▶ WORK REQUEST
All lines from the one containing "Muslin unstitched ladies suit Rc17513" down to the final line of the entries below: return them exactly.

━━━━━━━━

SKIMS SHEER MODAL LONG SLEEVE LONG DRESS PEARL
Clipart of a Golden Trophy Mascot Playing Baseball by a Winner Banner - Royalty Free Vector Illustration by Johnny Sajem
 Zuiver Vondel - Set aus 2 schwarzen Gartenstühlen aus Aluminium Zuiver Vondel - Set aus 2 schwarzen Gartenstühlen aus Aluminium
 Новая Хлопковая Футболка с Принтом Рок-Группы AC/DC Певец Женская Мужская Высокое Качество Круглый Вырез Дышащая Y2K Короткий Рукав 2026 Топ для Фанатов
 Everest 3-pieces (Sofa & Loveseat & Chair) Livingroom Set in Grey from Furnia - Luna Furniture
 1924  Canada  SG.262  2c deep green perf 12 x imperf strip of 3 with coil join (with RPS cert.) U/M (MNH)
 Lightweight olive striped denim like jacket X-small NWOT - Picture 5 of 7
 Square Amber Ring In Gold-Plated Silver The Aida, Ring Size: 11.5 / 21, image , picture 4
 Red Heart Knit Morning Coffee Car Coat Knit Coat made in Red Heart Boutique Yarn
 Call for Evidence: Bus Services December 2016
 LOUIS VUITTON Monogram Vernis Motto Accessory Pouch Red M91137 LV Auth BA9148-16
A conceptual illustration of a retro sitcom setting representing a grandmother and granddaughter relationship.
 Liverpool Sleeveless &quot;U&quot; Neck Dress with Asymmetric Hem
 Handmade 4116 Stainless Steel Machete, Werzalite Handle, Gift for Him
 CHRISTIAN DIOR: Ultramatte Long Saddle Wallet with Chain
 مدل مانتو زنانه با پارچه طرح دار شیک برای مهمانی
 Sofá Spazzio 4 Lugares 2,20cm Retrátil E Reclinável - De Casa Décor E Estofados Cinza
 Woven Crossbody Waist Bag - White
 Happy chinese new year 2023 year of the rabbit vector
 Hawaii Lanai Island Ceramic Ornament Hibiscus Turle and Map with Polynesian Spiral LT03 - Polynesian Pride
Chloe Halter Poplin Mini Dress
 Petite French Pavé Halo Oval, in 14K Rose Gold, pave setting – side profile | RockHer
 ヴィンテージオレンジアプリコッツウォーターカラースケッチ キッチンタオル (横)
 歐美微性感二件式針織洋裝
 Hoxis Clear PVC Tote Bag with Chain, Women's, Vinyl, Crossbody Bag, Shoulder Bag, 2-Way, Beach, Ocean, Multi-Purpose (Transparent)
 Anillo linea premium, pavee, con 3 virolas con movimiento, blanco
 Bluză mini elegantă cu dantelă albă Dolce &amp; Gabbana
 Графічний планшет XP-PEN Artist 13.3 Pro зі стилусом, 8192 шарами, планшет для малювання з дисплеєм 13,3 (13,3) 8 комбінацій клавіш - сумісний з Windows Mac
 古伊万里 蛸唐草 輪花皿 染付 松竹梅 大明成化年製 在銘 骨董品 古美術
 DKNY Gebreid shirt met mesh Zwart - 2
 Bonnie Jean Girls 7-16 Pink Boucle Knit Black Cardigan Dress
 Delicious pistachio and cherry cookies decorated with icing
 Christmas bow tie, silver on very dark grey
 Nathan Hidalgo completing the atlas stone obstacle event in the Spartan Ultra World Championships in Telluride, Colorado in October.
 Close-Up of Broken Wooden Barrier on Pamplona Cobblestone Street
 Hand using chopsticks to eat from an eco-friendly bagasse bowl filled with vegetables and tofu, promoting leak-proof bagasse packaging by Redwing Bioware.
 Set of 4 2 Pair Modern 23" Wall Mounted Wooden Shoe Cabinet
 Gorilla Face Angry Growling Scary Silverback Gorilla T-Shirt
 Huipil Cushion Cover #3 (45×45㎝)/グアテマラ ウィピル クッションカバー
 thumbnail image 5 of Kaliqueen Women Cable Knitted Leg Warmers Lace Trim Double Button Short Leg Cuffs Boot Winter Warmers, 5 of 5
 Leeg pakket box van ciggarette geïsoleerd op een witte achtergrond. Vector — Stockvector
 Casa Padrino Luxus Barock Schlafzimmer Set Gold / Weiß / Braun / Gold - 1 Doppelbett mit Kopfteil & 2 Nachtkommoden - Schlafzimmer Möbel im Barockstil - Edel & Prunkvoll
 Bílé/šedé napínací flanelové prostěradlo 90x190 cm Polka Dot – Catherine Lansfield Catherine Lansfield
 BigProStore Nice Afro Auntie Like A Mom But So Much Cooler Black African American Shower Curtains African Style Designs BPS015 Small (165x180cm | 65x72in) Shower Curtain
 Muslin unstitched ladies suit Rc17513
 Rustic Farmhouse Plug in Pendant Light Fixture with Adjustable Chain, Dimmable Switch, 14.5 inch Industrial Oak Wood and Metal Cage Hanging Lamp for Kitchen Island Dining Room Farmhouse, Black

━━━━━━━━

▶ OUTPUT OF THE TASK
 Muslin unstitched ladies suit Rc17513
 Rustic Farmhouse Plug in Pendant Light Fixture with Adjustable Chain, Dimmable Switch, 14.5 inch Industrial Oak Wood and Metal Cage Hanging Lamp for Kitchen Island Dining Room Farmhouse, Black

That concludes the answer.